NURULLAH ALBAYRAK | YORUM
Türkiye’de ceza mahkemeleri, uzun süredir adalet dağıtan kurumlar olmaktan çıkmış, siyasi iktidarın çıkarlarını koruyan ve propaganda aracı haline gelmiştir. 13 ile 17 yaşlarındaki kız çocuklarının ‘terör’ suçlamasıyla yargılandığı ‘kız çocukları davası’ bu gerçeğin en acı örneklerinden biri olarak karşımızda durmaktadır. 23 Eylül’de İstanbul 24. Ağır Ceza Mahkemesi’nde başlayan bu davada, somut eylemler yerine ‘ders çalışmak, iftar programı düzenlemek, bowling oynamak ve namaz kılmak’ gibi dini ve sosyal aktivitelerin ‘terör’ eylemi olarak kabul edildiği bir kez daha gözler önüne serildi.

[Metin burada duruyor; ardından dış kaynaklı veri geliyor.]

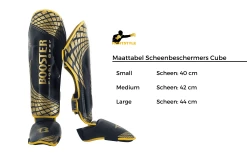 Booster Scheenbeschermers Cube Groen -Fightstyle maattabel booster scheenbeschermers cube 1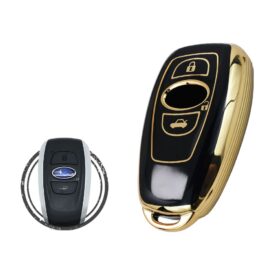 TPU Key Cover Case Protector For Subaru Forester Impreza Legacy BRZ Smart Key Remote 3 Button BLACK GOLD Color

AİHM, bir yargı organı özellikle yürütme organına karşı bağımsız ve tarafsız değilse, o organın ‘mahkeme’ sıfatını hak etmediğini vurgular. (Beaumartin v. France – Chevrol v. France). Dönemin Adalet Bakanı Müsteşar Yardımcısı, sonrasında Ankara Cumhuriyet Başsavcısı ve nihayetinde Yargıtay üyesi olan Yüksel Kocaman’ın şu açıklaması bu gerçeği gözler önüne sermektedir: “Yargıda Birlik Derneği, HSYK ve Adalet Bakanlığı birlikte hareket ederek, yürütme organı ile uyum içinde çalışmaktadır.”
Bu açıklamayı somut yargılamalarla birlikte değerlendirdiğimizde karşımızda, bağımsız mahkemeler değil iktidar için çalışan bir yargı mekanizması vardır.

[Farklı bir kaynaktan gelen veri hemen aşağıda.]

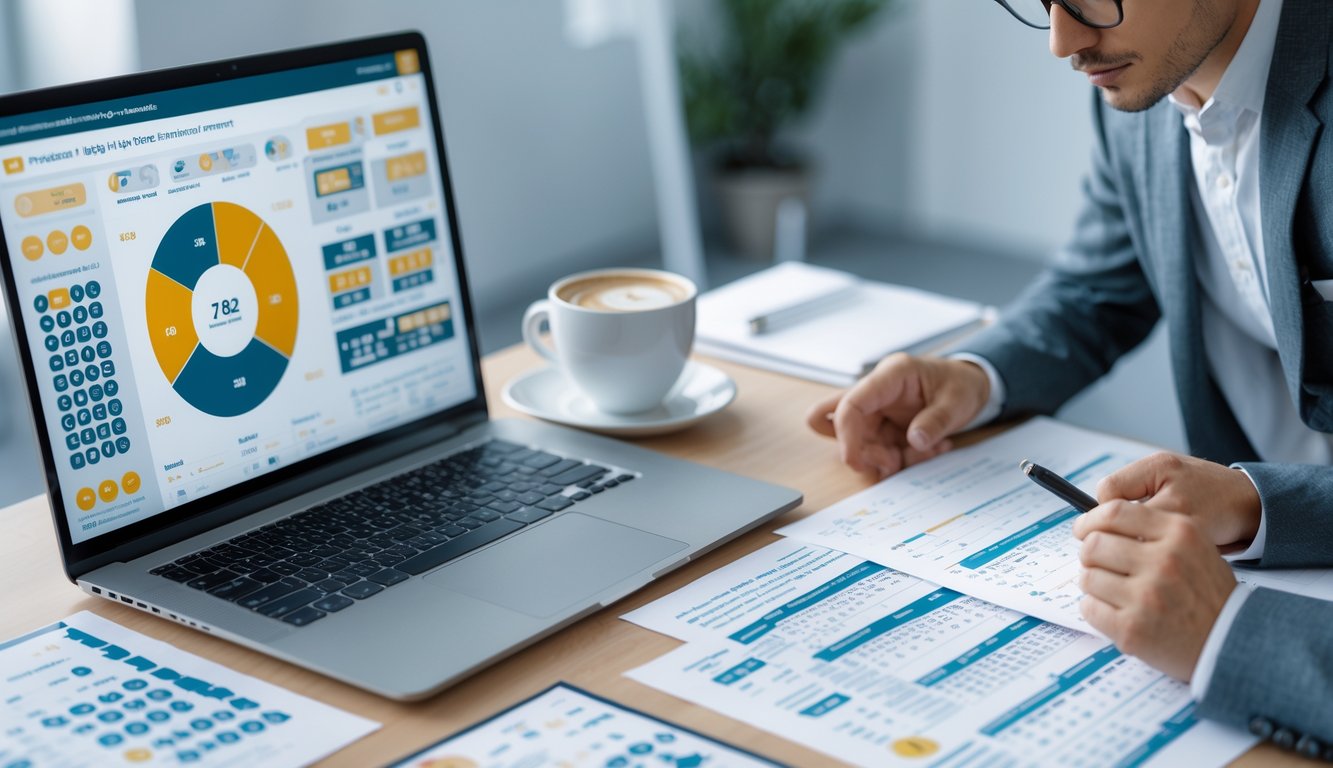 Seorang profesional sedang menganalisis data angka lotere di ruang kerja modern dengan laptop dan dokumen di atas meja.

Dönemin AKP’li Adalet Bakanı, Meclis’te, ‘bundan sonra özel yetkili mahkemeler kurulmayacağını, ağır cezalık suç işlediği iddiasıyla suçlanan herkesin doğal hâkim güvencesine uygun olarak herhangi bir Ağır Ceza Mahkemesinde yargılanacağını’ söylerken, yalnızca bir yıl sonra ‘terör mahkemeleri’ adıyla yeni mahkemeler kuruldu.

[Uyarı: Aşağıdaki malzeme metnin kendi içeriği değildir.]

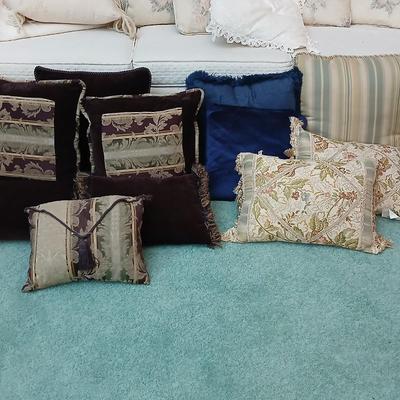 Variety of pretty designer throw pillows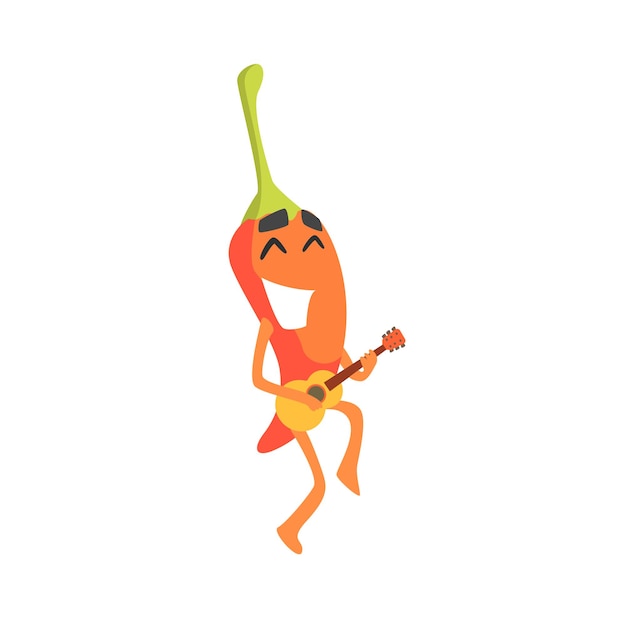 Smiling Red Hot Chili Pepper Humanized Emotional Flat Cartoon Character Playing Smal Ukulele Guitar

Bu mahkemeler için atamalar yapılmadan 12 gün önce, ülke genelindeki ağır ceza mahkemelerinin başkan ve üyelerinin büyük çoğunluğu değiştirildi. Yerlerine ise yürütme organı ile uyum içinde HSYK tarafından yargıyla uyum içinde çalışacağına söz veren Yargıda Birlik Derneği üyeleri atanarak, mahkemeler yürütme organının kontrolüne bırakıldı. Bugün ‘terör mahkemesi’ olarak adlandırılan bu mahkemelerin mahkeme olmadıklarını görmek açısından bu gerçeği hatırlamak gerekiyor.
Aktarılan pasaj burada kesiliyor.